Short web captions
○ ○ ○

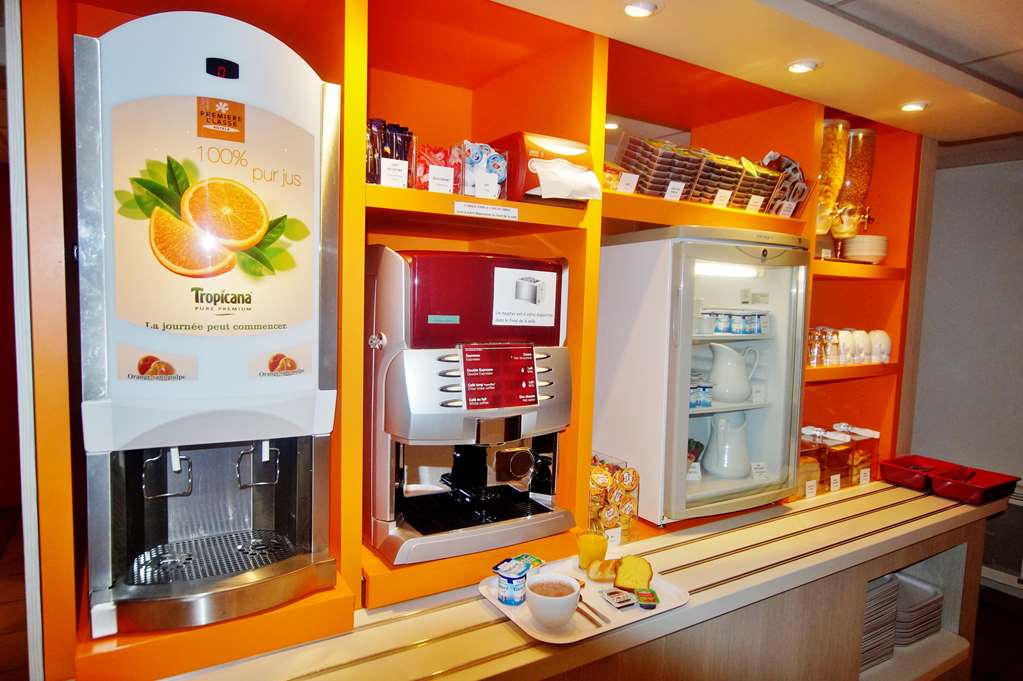 premiere classe saumur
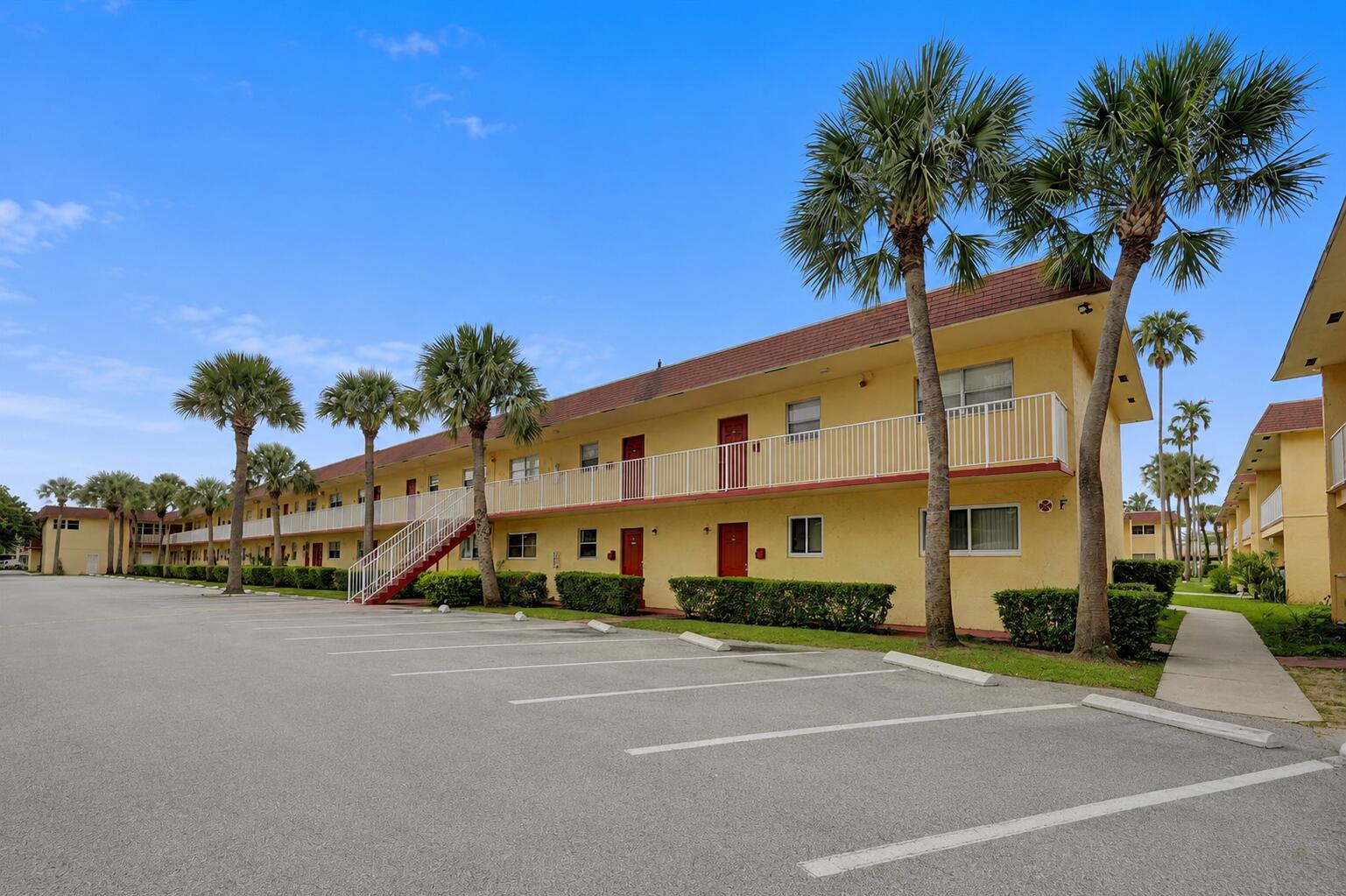 850 E Commercial Boulevard 250f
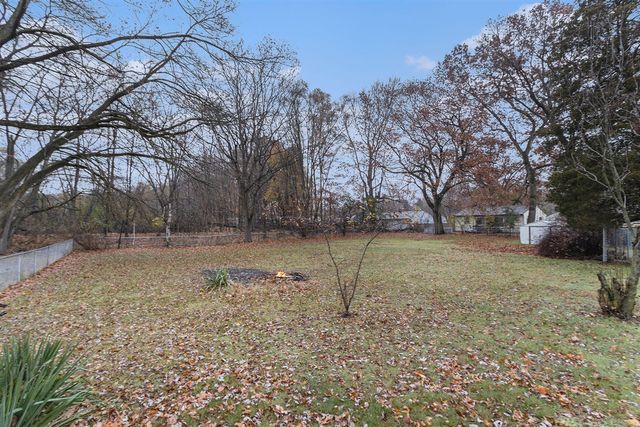 4104 Nazareth Road, Kalamazoo, MI 49004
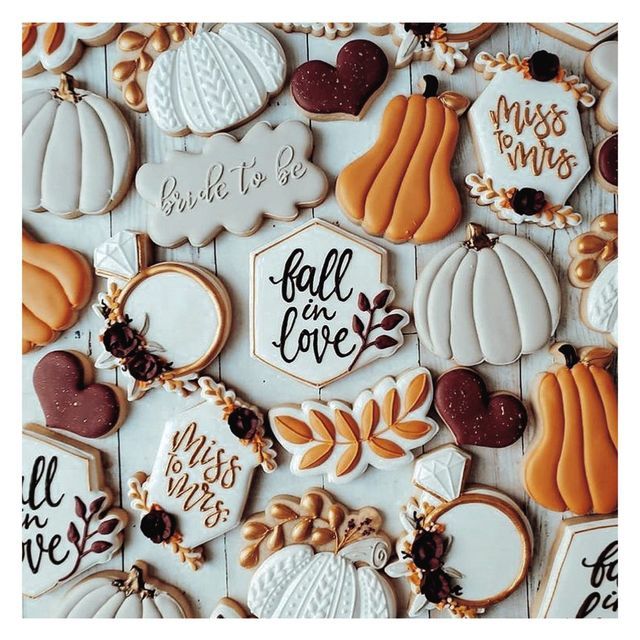 Cozy Autumn Cookies: Warm Colors and Whimsical Designs for Seasonal Celebrations.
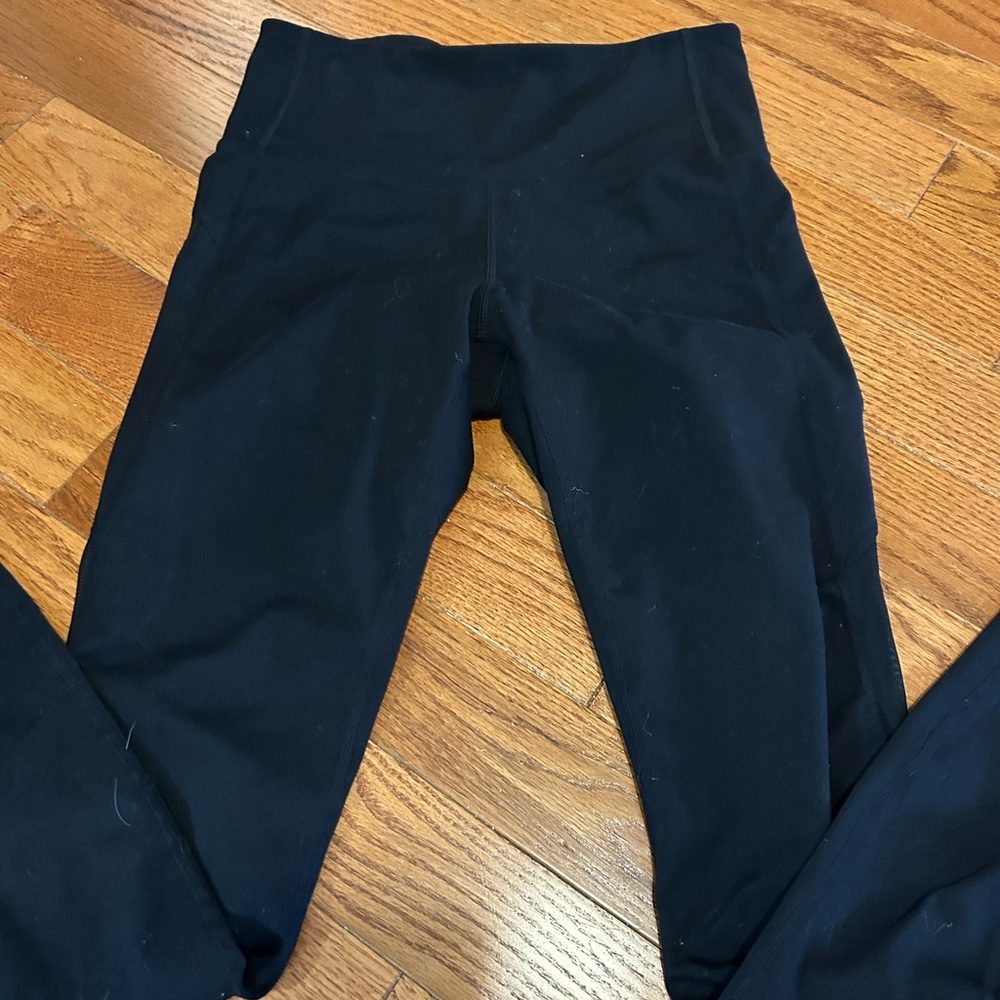 GAP Classic Black Performance Leggings
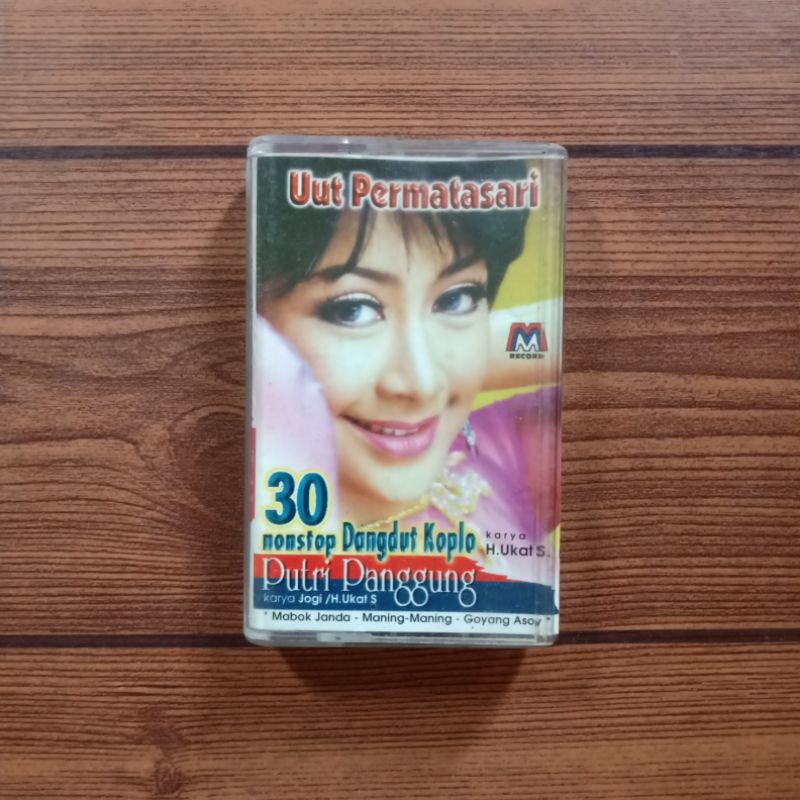 Kaset UUT PERMATASARI 30 nonstop dangdut koplo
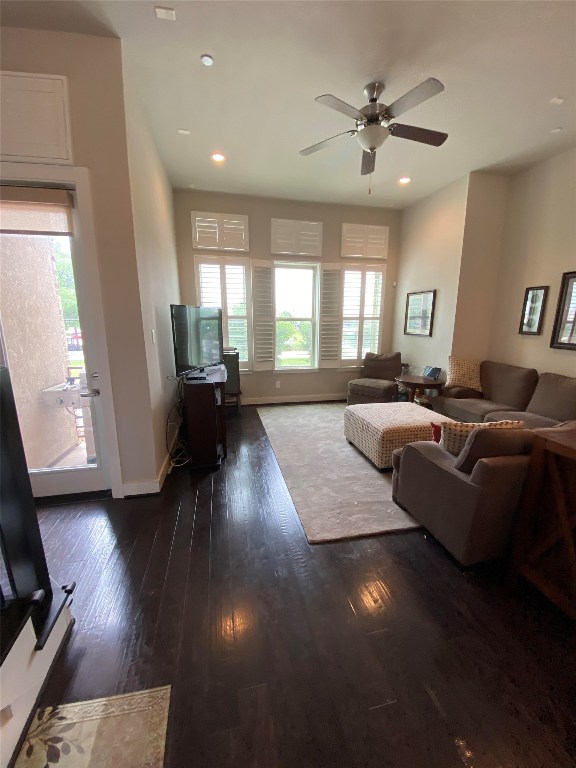 115 East 2nd Street Houston, TX 77007 - Photo 10 of 37 a living room with furniture and a large window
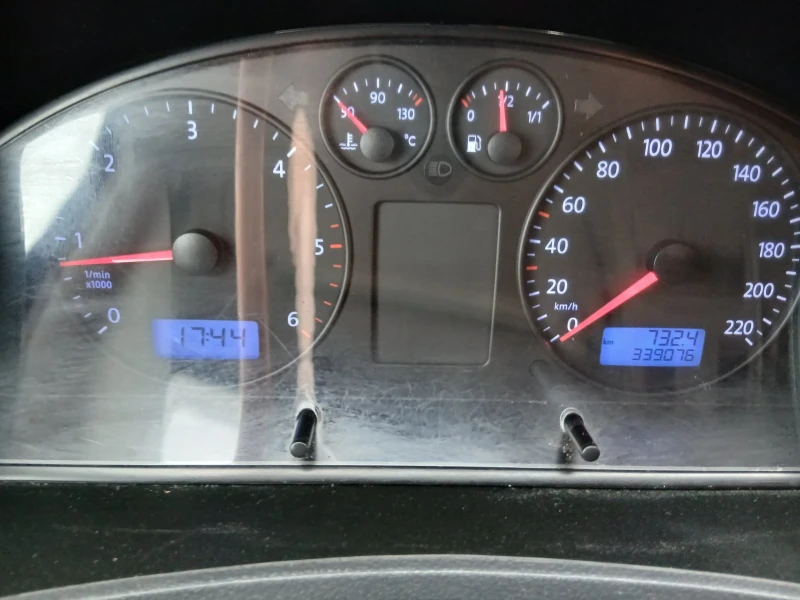 VW T5 2.5TDI, снимка 8 - Бусове и автобуси - 53073066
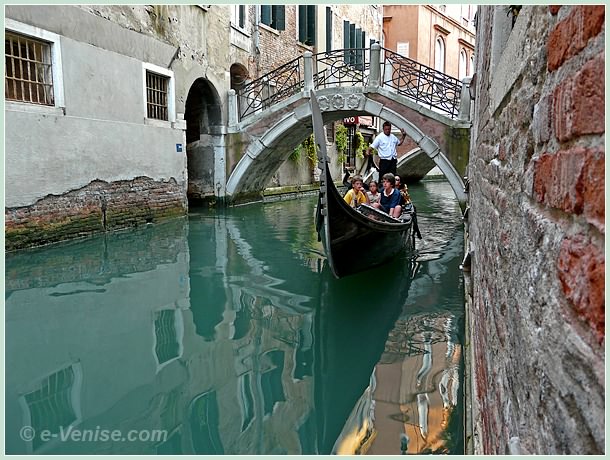 gondole sur le Rio dei Fuseri à Venise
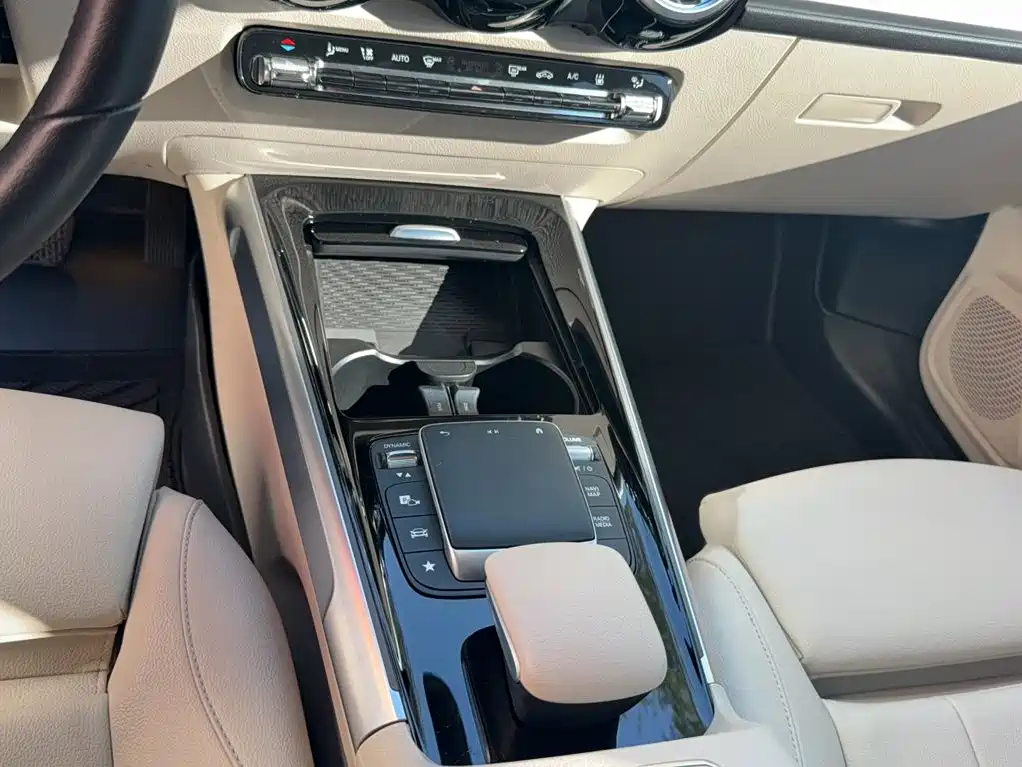 Mercedes-Benz EQB — миниатюра 17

○ ○ ○

• [Task] Copy the records above exactly, from the first line through the line containing "GAP Classic Black Performance Leggings", and leave out the pictures.

• [Task answer]
 premiere classe saumur
 850 E Commercial Boulevard 250f
 4104 Nazareth Road, Kalamazoo, MI 49004
 Cozy Autumn Cookies: Warm Colors and Whimsical Designs for Seasonal Celebrations.
 GAP Classic Black Performance Leggings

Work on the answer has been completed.